Taghipour et al. (2019) demonstrated that this simple 2D analysis could estimate the critical pore pressure with acceptable accuracy, and its results were consistent with the results of Mohr diagrams. Therefore, this method can be used as a substitute when there is no access to image logs for constructing a Mohr diagram.

Dilation tendency analysis, first introduced by Ferrill et al. (1999), investigates the ability of a fault to act as a fluid conduit by reactivation in the current stress field or intact rock to undergo tensile failure into the cap rock (hydraulic fracturing) (Kulikowski et al. 2016). In other words, this parameter highlights the faults or fault segments within a reservoir that are critically stressed, and therefore, likely to transmit fluids (Siler et al. 2016; Ferrill et al. 2019).
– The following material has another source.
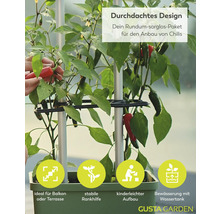 Chilipflanze im Topf mit Rankhilfe, für Balkon und Terrasse, einfacher Aufbau und Wassertank zur Bewässerung. Gusta Garden Logo.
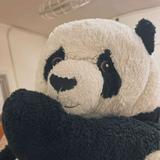 由 cheli.linus.little (刊登 ID 1365175645，圖片 1) 提交，位於 的 (類別：)，說明：。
This analysis is most useful in reservoirs that are fault sealing or have faults that cut both the reservoir and overlying cap rock, since it predicts the chance of tertiary migration of hydrocarbons through a permeable conduit away from the reservoir (Barton et al, 1995; Ferrill and Morris 2003; Jolie et al. 2015). The dilation of faults and fractures is mainly controlled by the resolved normal stress, which is a function of the lithostatic and tectonic stresses, and fluid pressure. Based on Eq. 18, the magnitude of normal stress can be computed for surfaces of all orientations within a known or suspected stress field. The normal stress can be normalized by the differential stress to give the dilation tendency (Moeck et al. 2009). Dilation tendency is calculated using the following equation:

$$T_{{\text{d}}} = \frac{{\sigma_{1}^{\prime } - \sigma_{n}^{\prime } }}{{\sigma_{1}^{\prime } - \sigma_{3}^{\prime } }},$$
(31)

where Td is dilation tendency, σ1 is the maximum effective principal stress, σ3 is the minimum effective principal stress, and σn is the effective normal stress acting on the fault plane. This relationship shows that as σn approaches σ3, the tendency of the fault plane to dilate increases and remains open to potential fluid flow. The fault will have a higher dilation tendency as Td approaches one. Dilation and fluid transmission ability of a fault or fracture is directly related to its aperture, which in turn is a function of the normal stress acting upon it. Faults or fractures with high normal stress are more likely to be closed than those with lower normal stress acting to close them (Ferrill et al. 2019). As a result, permeability perpendicular to the minimum principal stress direction (i.e., the σ1σ2 plane) is relatively enhanced, because lower resolved normal stress results in less fracture aperture reduction (e.g., Carlsson and Olsson 1979). Dilation tendency is strongly controlled by resolved normal stress and can highlight which fracture orientations are most likely to dilate and hence transmit fluids. Higher dilation tendency values equate to a greater likelihood of fracturing causing dilation and hence a greater ability to allow fluid transmission (Grosser 2012). In general, the planes perpendicular to the minimum principal stress show the highest dilation tendency in a given stress field (Jolie et al. 2015). A schematic illustration of the dilation tendency in the Mohr diagram is shown in Fig. 9.

Fig. 9
figure 9

Definition of dilation tendency (Mildren et al. 2005). Td values range from 1, a fault plane that is ideally oriented to slip or dilate under current stress field to zero, a fault plane with no potential to slip or dilate

3.6 Numerical Approach of Fault Stability Evaluation

Although analytical methods are acceptable for a preliminary evaluation of fault stability, some of the simplifications characteristic of these methods cannot adequately represent the specifications of the reservoir. As observed in depleted reservoirs and validated by numerical modeling, the in-situ stress field does not remain constant during injection, but rather evolves in time and space, controlled by the evolutions of fluid pressure and temperature, and site-specific reservoir geometry (Hillis 2001; Rutqvist and Tsang 2005; Hawkes et al. 2005; Rutqvist et al. 2007).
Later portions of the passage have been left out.